Слушая это хвалебствие неведомому монаху, в котором русское невежество обрело святого, Халкидис прикидывал в уме, сколько деревень, погостов, починок, пастбищ и покосов увел из митрополичьего владения дородный боярин. Сколько платяной и меховой рухляди, ценной утвари, амбарного запаса и иного не досчитается Акинфий Ослебятев, когда вместе с Фотием доберется до Владимира.
– …Так ты, кирие, донеси о том владыке. У нас тут Русь: по любви живем, не по казенным росписям. А иначе как? То татары, то мор, то пожар, то недород, а либо иная беда. У нас без любви никак. Полюбовно решать надо. – Щека скосил хитрый глаз на грека. – С Акинфием мне про это баять неможно. А из всех греков, что Фотий с собой привез, ты один по-нашему толмачишь. Обучился-то где?
– Купил на невольничьем рынке смышленого русского раба. Разумному человеку не зазорно перенимать знания и у раба, коль тот обладает ими.
Над Соборной площадью, которую они почти миновали, заполненной служильцами, слугами, праздным людом, нищими и калечными, взмыл быстрый колокольный звон. Из Успенского храма поплыла, разрезая вмиг сгустившуюся толпу, чреда архиереев в зеленых ризах. Впереди шел седобородый митрополит Фотий и с отрешенным выражением на лице раздавал в обе стороны благословения. За иерархами ступил на площадь великий князь в парчовой ферязи с золотым кружевом и в круглой княжеской шапке. Василий был невысок ростом, но широк в кости, с короткой, на литовский манер бородой и острым, режущим взглядом. Стремянный подвел ему каурого коня, разубранного в серебро. Утвердившись в седле, не оглядываясь на братьев, князь шагом направил жеребца к своему дворцу, мимо церквей Архангела Михаила и Благовещенья.
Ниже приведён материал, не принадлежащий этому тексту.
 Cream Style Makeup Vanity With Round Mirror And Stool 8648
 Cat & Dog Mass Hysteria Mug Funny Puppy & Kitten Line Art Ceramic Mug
– Вишь, великий стороной объезжает владыку, – кивнул Щека на Василия Дмитриевича. – Не сошлись по любви. Докука для князя твой Фотий, кирие. Дотошлив не в меру…
Скопление родовитой аристократии всех чинов и духовенства понемногу рассеивалось. Но вдруг по площади, как ветер по ржаному полю, вновь прошло оживление. Поднялся шум, паперть Успенского храма густо облепил люд. Не успевшие отъехать бояре и служильцы на конях рассекали толпу.
– Что там происходит? – осведомился Никифор.
– Сухорукий прощен!.. От гроба чудотворца Петра!.. – донеслись возбужденные крики.
Щека направил коня вперерез бежавшему сломя голову мальчишке.